■ Task statement ■
Line by line, repeat the data below exactly, beginning at the first line and ending at the line with "Foto del edificio - 3113 45th St NW". Omit pictures.

___ Study material

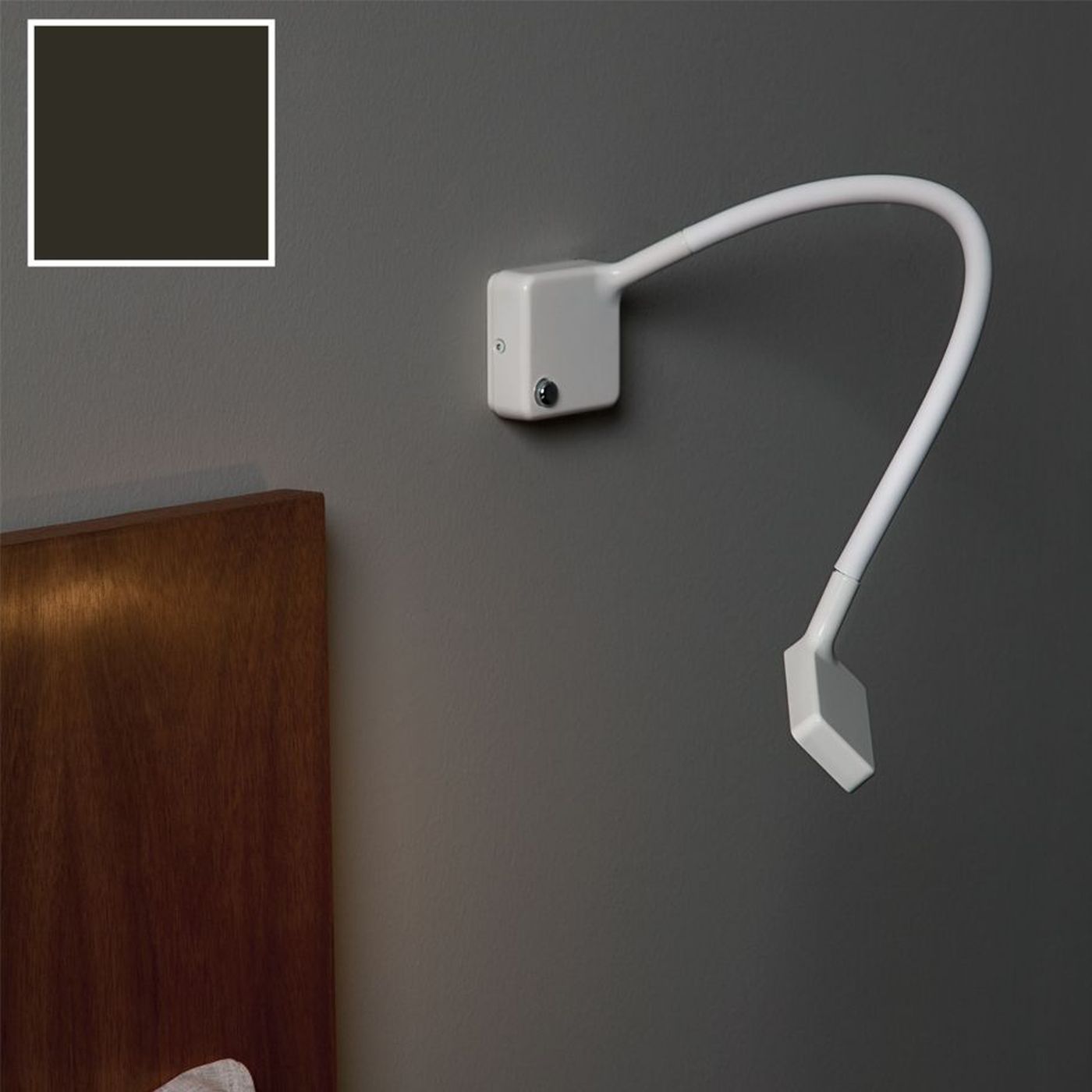 Mamba wandlamp. Magazijnopruiming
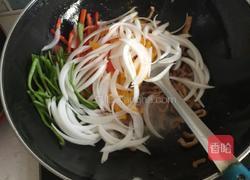 黑椒牛柳炒意面的做法图解6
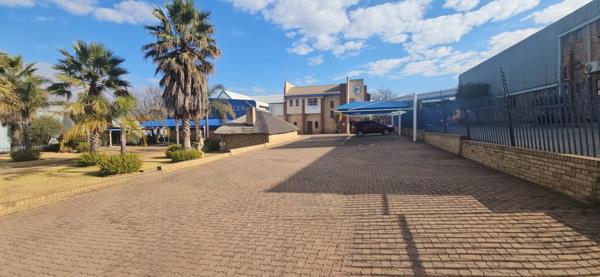 700  m² Industrial space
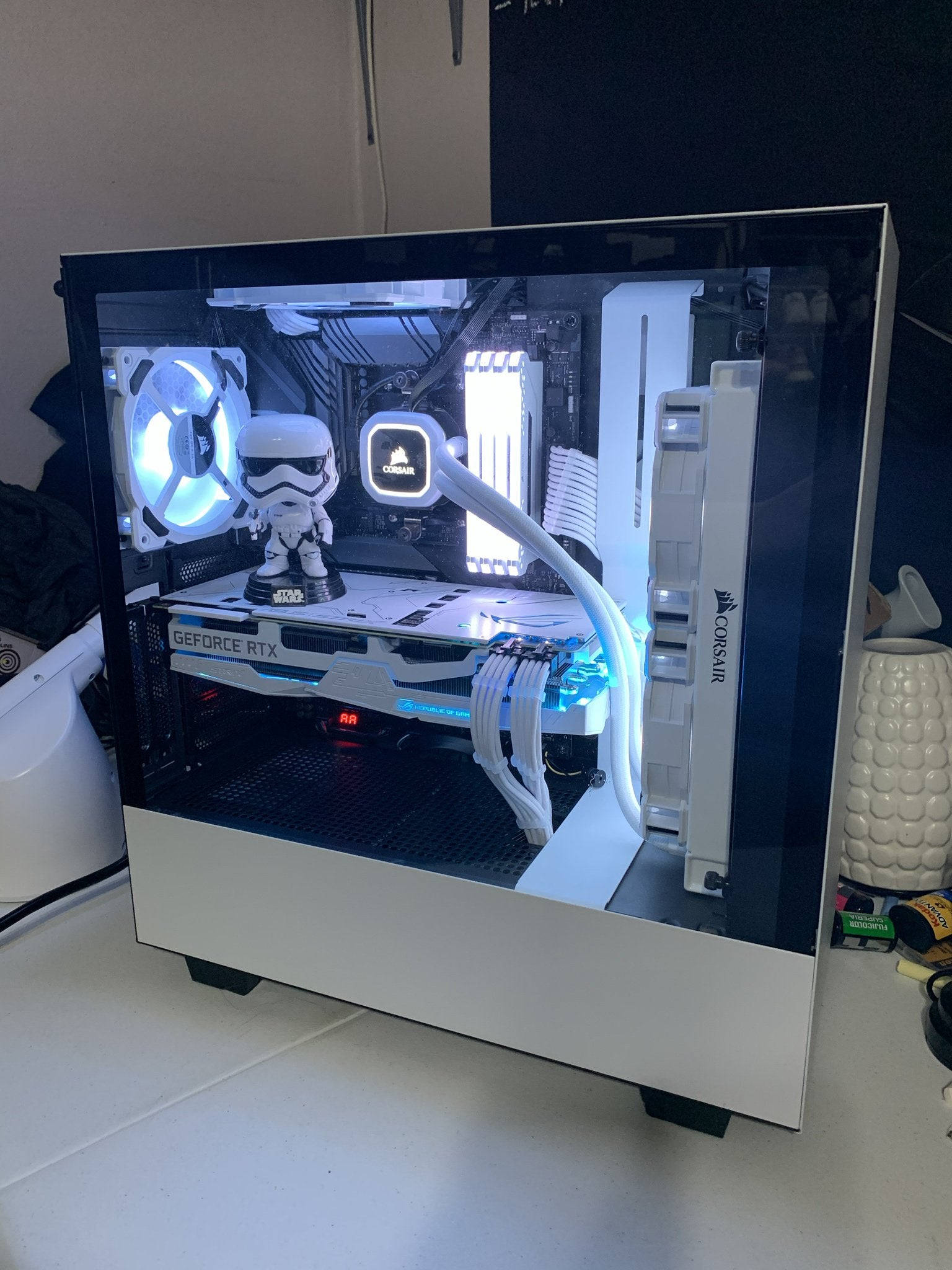 White Pc 桌布 壁紙 — 白色電腦機殼搭配玻璃側板，露出發光藍色內部零件及GPU上的星際大戰白兵人偶。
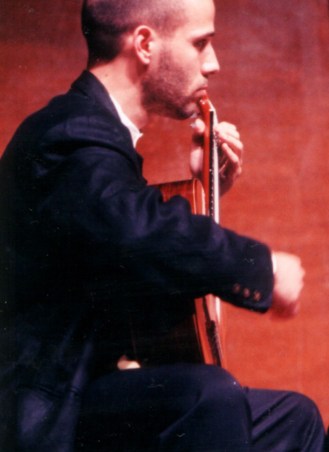 Photo of Alejandro Lazo in concert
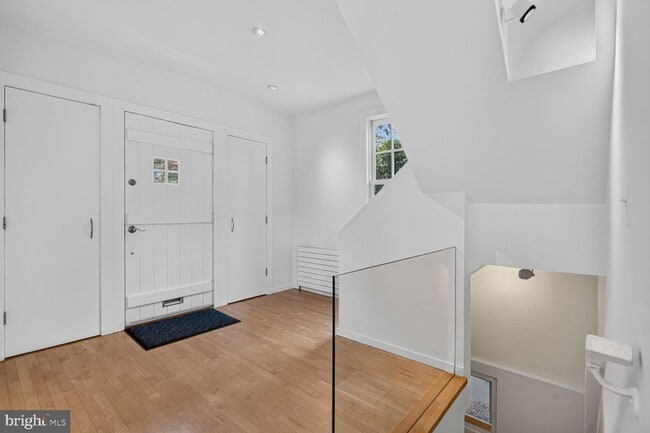 Foto del edificio - 3113 45th St NW
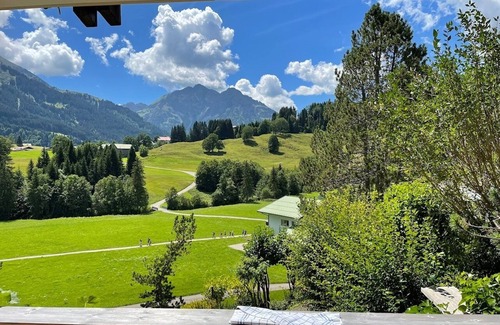 Mittelberg Apartment | Holiday Apartment Fewo 1 am Auweg with Mountain View, Shared Garden & Wi-Fi
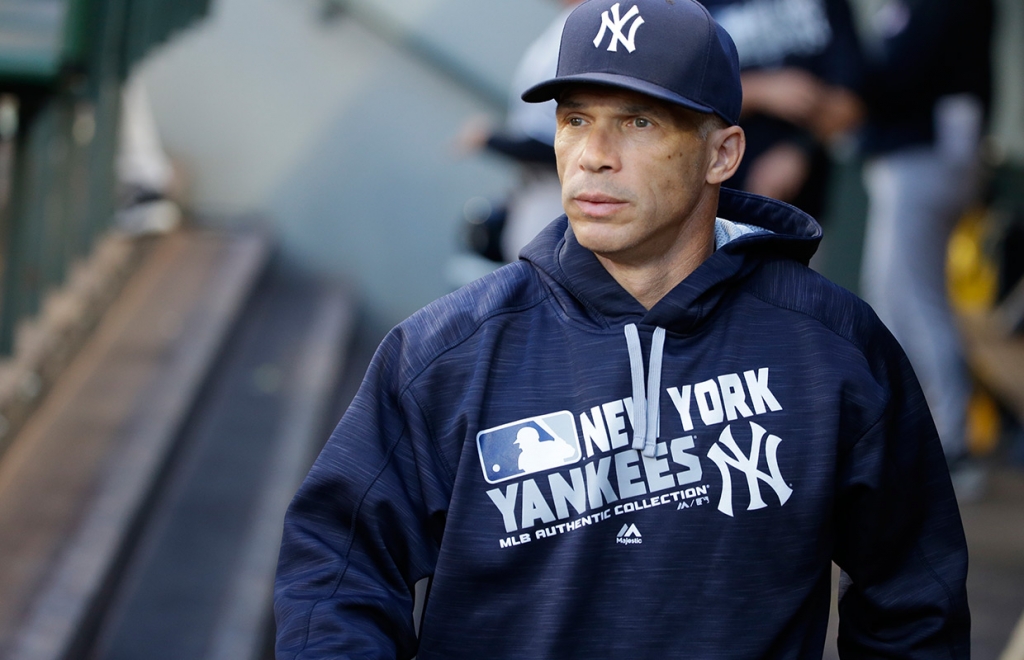 Fan falls into Yankees dugout during win over Mariners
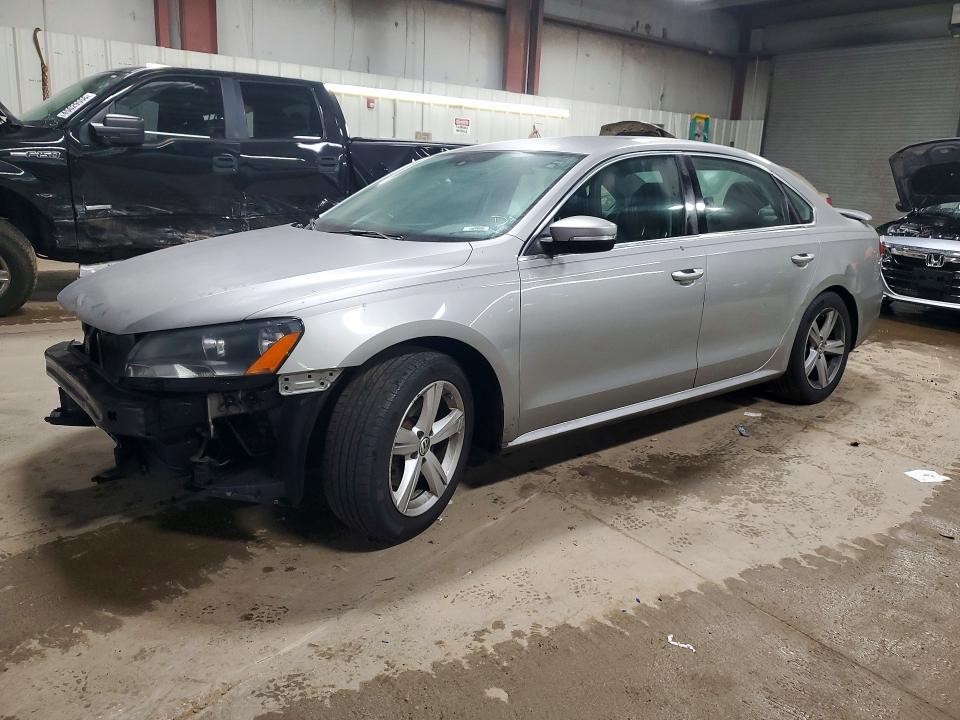 41725706 :رقم المزاد ، 1VWBP7A37DC097981 vin ، 2013 Volkswagen Passat مزاد بيع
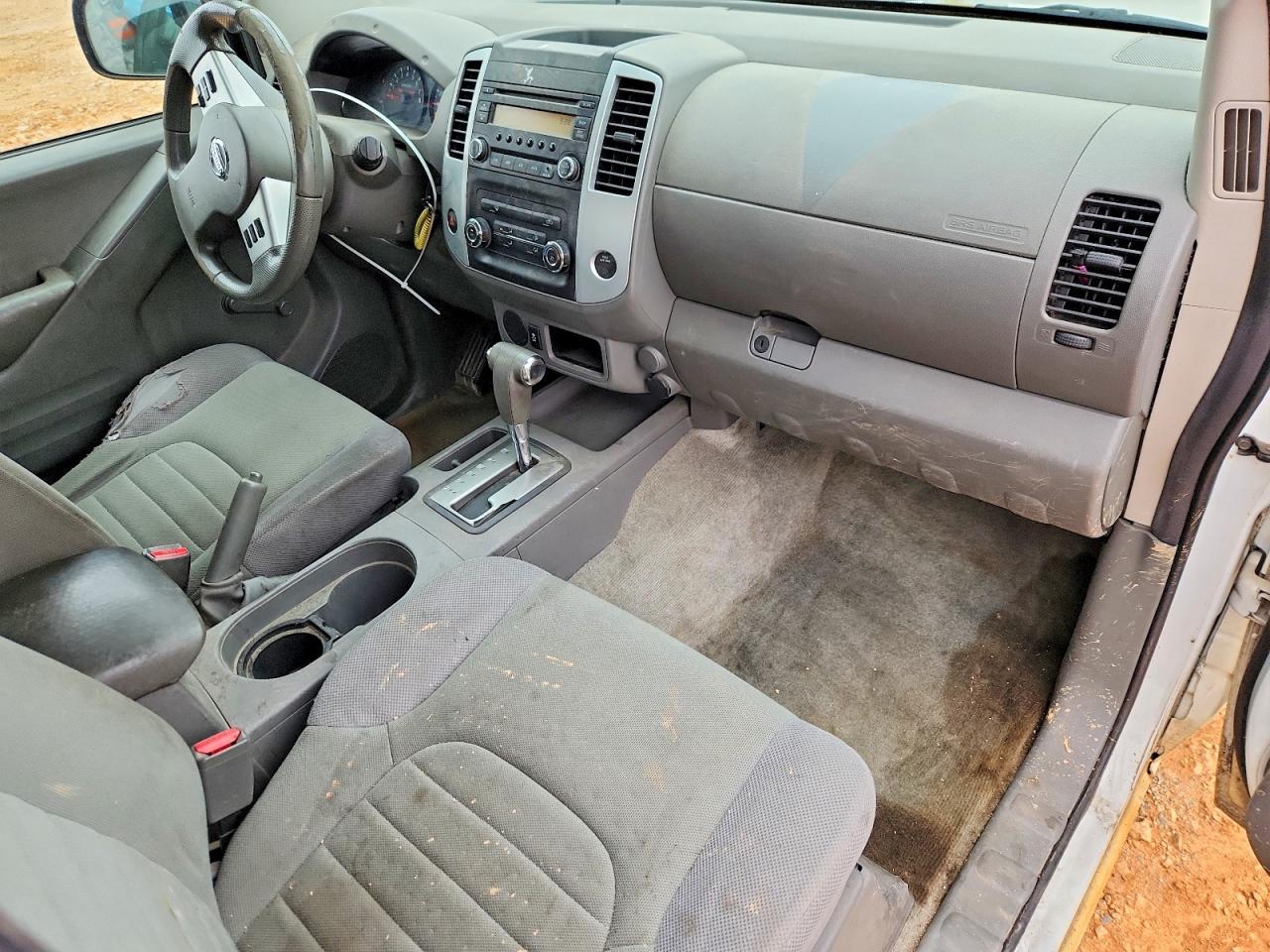 2015 Nissan Frontier S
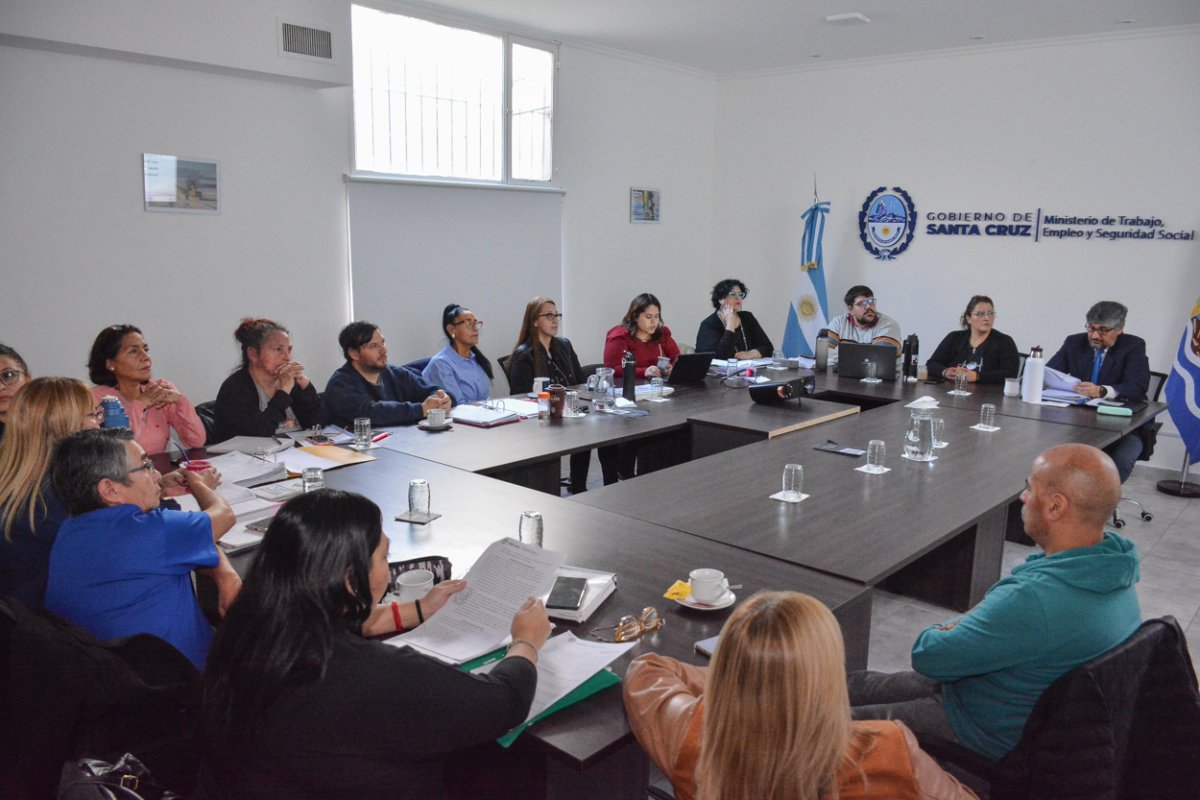El Gobierno y los gremios comenzarán a redactar el Convenio Colectivo para los trabajadores del IDUV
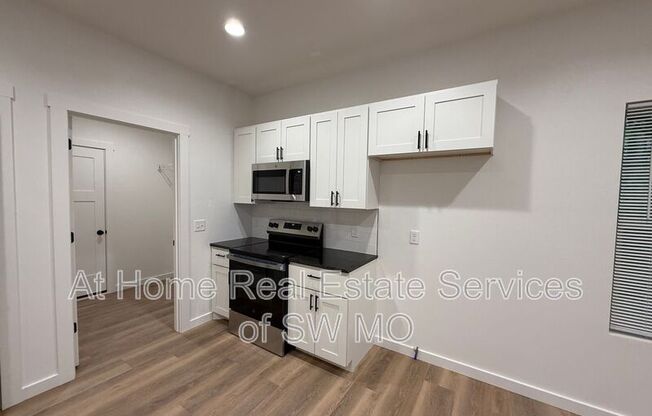 2731 W LATOKA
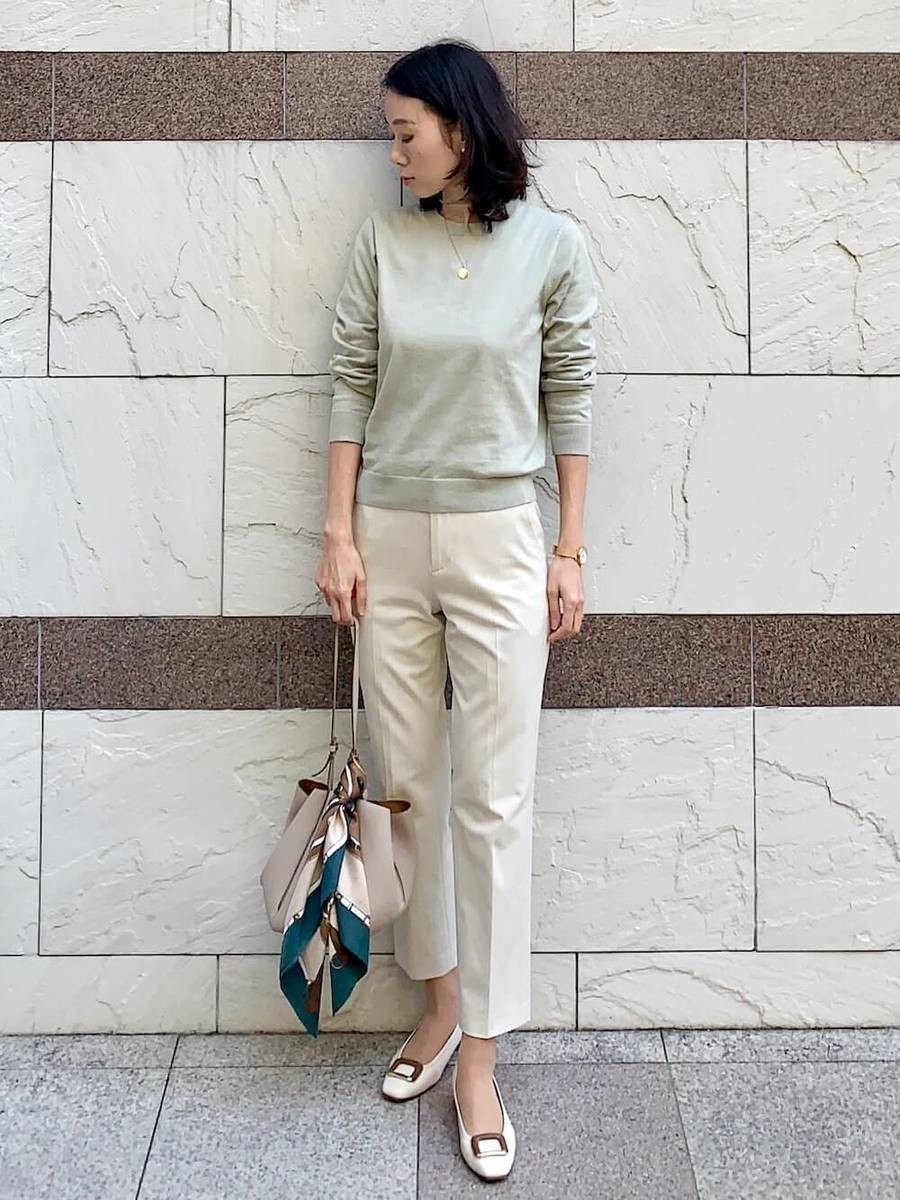 即完売からの再入荷 ユニクロ 1枚で旬モード完成 今から使える 春ニット 大人コーデ3選 ヨムーノ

______

■ Result for this exercise ■
 Mamba wandlamp. Magazijnopruiming
 黑椒牛柳炒意面的做法图解6
 700  m² Industrial space
 White Pc 桌布 壁紙 — 白色電腦機殼搭配玻璃側板，露出發光藍色內部零件及GPU上的星際大戰白兵人偶。
 Photo of Alejandro Lazo in concert
 Foto del edificio - 3113 45th St NW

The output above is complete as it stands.